En cas de situation de cumul, le parlementaire doit démissionner sous 30 jours du mandat ou de la fonction qu’il détenait avant (par exemple un maire élu député doit obligatoirement démissionner de sa fonction de maire). À défaut, le mandat le plus ancien cesse d’office. Par ailleurs, un parlementaire démissionnaire pour cause de cumul de mandats est désormais remplacé par son suppléant. Jusque-là, une élection partielle devait être organisée. L’ensemble de ces incompatibilités s’applique aux députés nationaux depuis juin 2017, aux sénateurs depuis octobre 2017 et aux députés européens depuis les élections de mai 2019.
Le camp présidentiel divisé
Selon les députés Horizons, le non-cumul des mandats entraîne notamment une déconnexion des parlementaires du fait d'un manque d'ancrage local, ainsi qu’un manque de relais pour les citoyens. La proposition de loi qui sera déposée par le groupe viendrait donc assouplir les règles et permettre le cumul d'un mandat national avec celui d'adjoint au maire ou de vice-président de région ou de département.
Sur ce sujet, poussé par la droite et le Rassemblement national, contrairement à la gauche, qui y est globalement hostile, la position du gouvernement n'est pas arrêtée, fait-on savoir au ministère déléguée aux Collectivités. Mais le camp macroniste est divisé sur la question. Si Emmanuel Macron y est favorable, la présidente de l'Assemblée nationale, Yaël Braun-Pivet y est fortement opposée. Elle qualifie cette proposition de loi de «retour en arrière» et estime que le non-cumul a été «un facteur clé de féminisation de l’Assemblée». Même position pour l’ancien ministre Clément Beaune : «notre marqueur, c’est le renouvellement politique», a-t-il rappelé, avant de préconiser de «ne pas sauter sur toutes les conneries qui passent» à trois mois des européennes.
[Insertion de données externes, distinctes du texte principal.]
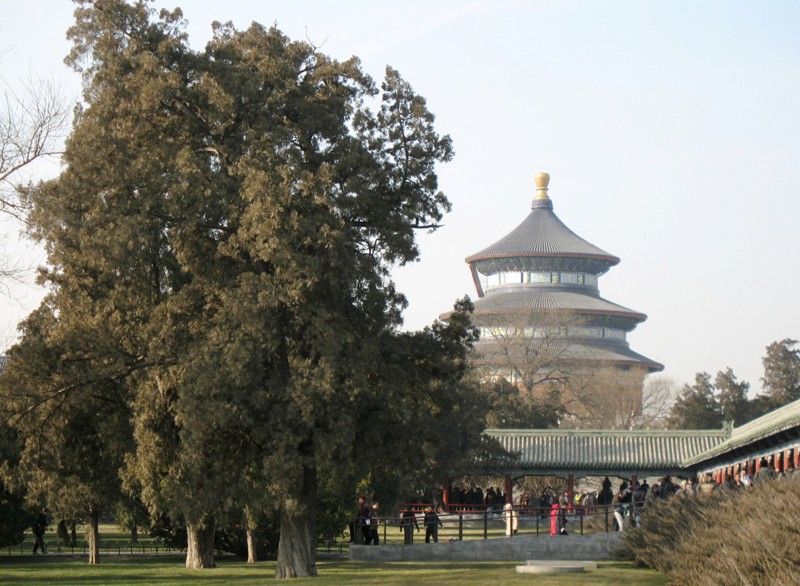 Temple of Heaven Park, Beijing, China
Une «spécificité française»
Historiquement, la «culture du cumul» est ancienne et elle s’est renforcée tout au long de la Ve République. En 2012, 476 députés sur 577 (82%) et 267 sénateurs sur 348 (77%) étaient en situation de cumul. À l’époque, ces chiffres faisaient de la France une exception en Europe, où le cumul des mandats électoraux est interdit ou très limité. Les lois adoptées en 2014 ont marqué une rupture en mettant fin à cette «spécificité française».
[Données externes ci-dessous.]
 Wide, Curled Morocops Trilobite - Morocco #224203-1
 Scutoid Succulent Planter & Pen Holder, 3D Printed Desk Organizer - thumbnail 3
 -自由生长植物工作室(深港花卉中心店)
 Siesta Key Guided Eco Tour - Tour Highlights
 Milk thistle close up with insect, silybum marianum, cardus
Les lois de 2014 ont également eu un impact important sur le renouvellement du personnel politique en 2017, puisqu'au lendemain des élections législatives, plus de 38% des députés ont dû cesser leur mandat exécutif local. D'autres ont préféré ne pas se représenter à la députation pour ne pas perdre la tête de leur mairie ou département. Quant aux sénateurs, qui étaient hostiles à la réforme, une grande majorité d’entre eux ont privilégié leur mandat national.